The Kent Trails system is a great choice for commuters and those wanting to see Michigan from a different perspective. The southern portion of this trail route offers views of streams, fields and woods, while the northern portion borders Grand Rapids’ namesake river—showcasing wetlands, bridges and lush greenery.
The Kent Trails are well-connected and allow travelers access to Paul B. Henry Freeway, Buck Creek Trail and Grand River Pathway. Along the Kent Trails, the Hopewell Indian Mounds Park as well as Millennium Park are accessible. Millennium Park is one of the nation's largest urban parks, totaling 1,400 acres and showcasing beaches and unique art. The Kent Trails end at Johnson Park, which offers picnic areas, parking, restrooms and water.
Counties: Kent, Mecosta, Montcalm, Osceola, Wexford
The Fred Meijer White Pine Trail State Park is Michigan’s second longest rail-trail! Stretching 92.6 miles, this trail showcases a variety of settings, including farmland, forests and busy towns. It connects northern Lower Michigan to Grand Rapids with camping, lodging, rest stops and food options available along the way.
Starting near the West Michigan Whitecaps minor league baseball stadium in Comstock Park, the trail crosses historical railroad trestles on its way to Rockford. In Rockford, there are perfect picnic opportunities overlooking the Rogue River Dam. Running through Paris Park, the trail offers access to cabins, a canoe launch and a fishing concession along the Muskegon River.
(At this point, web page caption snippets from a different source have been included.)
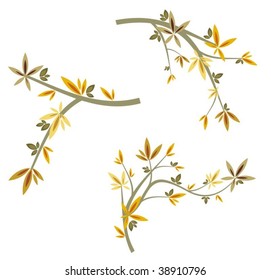 Branch design set in a single style, vector illustration series.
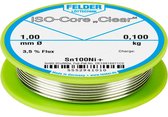 Felder Löttechnik ISO-Core Clear Sn100Ni+ Soldeertin Spoel Sn99,25Cu0,7Ni0,05 0.100 kg 1 mm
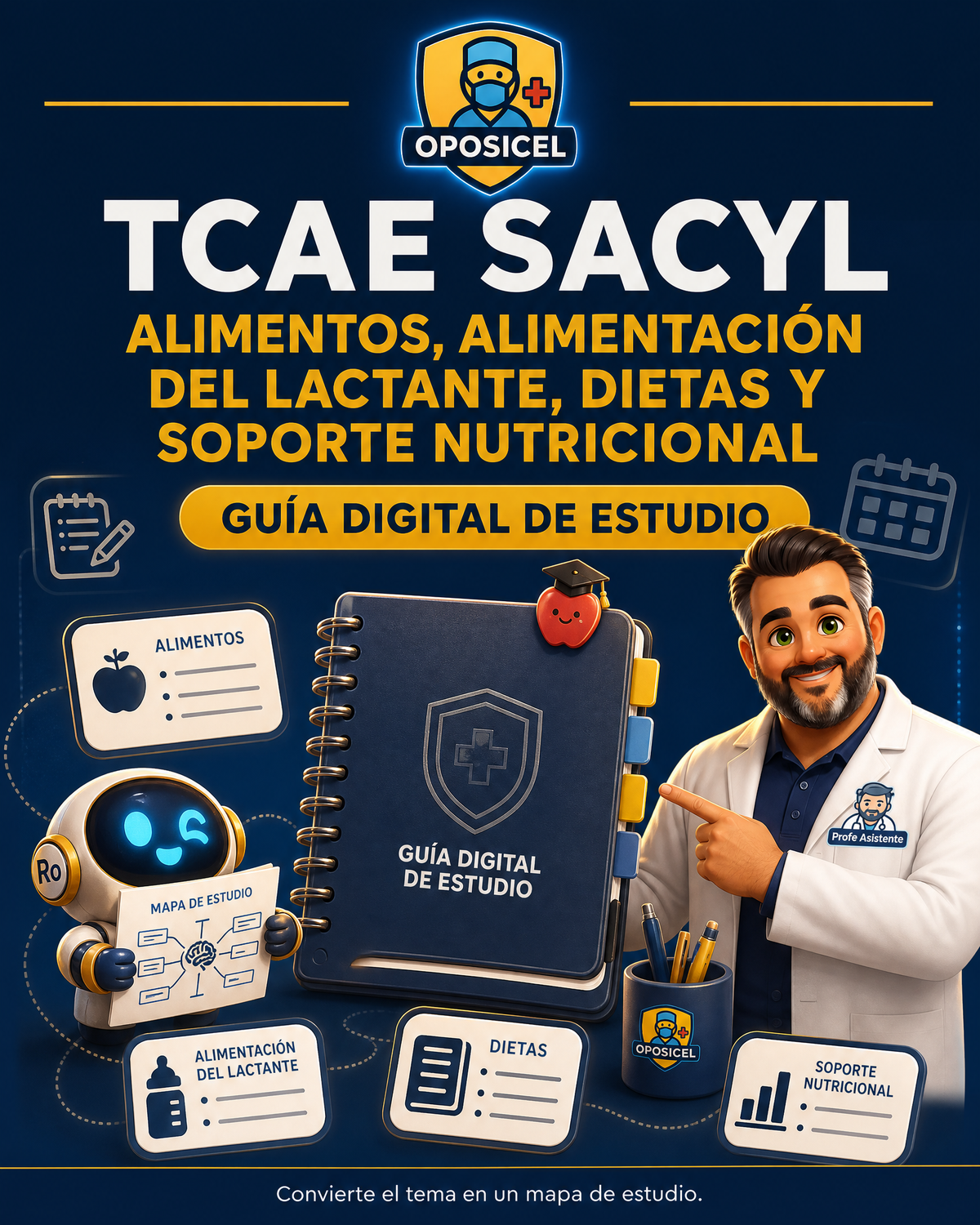 Portada OPOSICEL: TCAE SACYL: Alimentos, alimentación del lactante, dietas y soporte nutricional. Recurso digital de preparación de oposiciones.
With no lack of fun activities, the Fred Meijer White Pine Trail ends at Lake Cadillac, where trail users can enjoy swimming and outdoor concerts in a beautiful outdoor amphitheater.
This blog was updated from a 2013 version.
Michigan’s Iron Belle Trail is a developing trail network connecting 2,000 miles of trail from the far western tip of the Upper Peninsula to Belle Isle in Detroit. As the longest designated state trail in the nation, this trail is split into two routes—a 791-mile bicycle route and a 1,273-mile hiking route. Covering an immense amount of land, the Iron Belle Trail provides users with a range of scenery while traversing the Upper Peninsula and the west side of the Lower Peninsula. Bustling streets with shops, rest stops and cafés can be found in cities throughout the route—especially in Detroit which is home to one of the Iron Belle’s starting points. Pristine forests, babbling brooks and quaint towns are abundant along the trail, making for a ride or walk that’s always entertaining.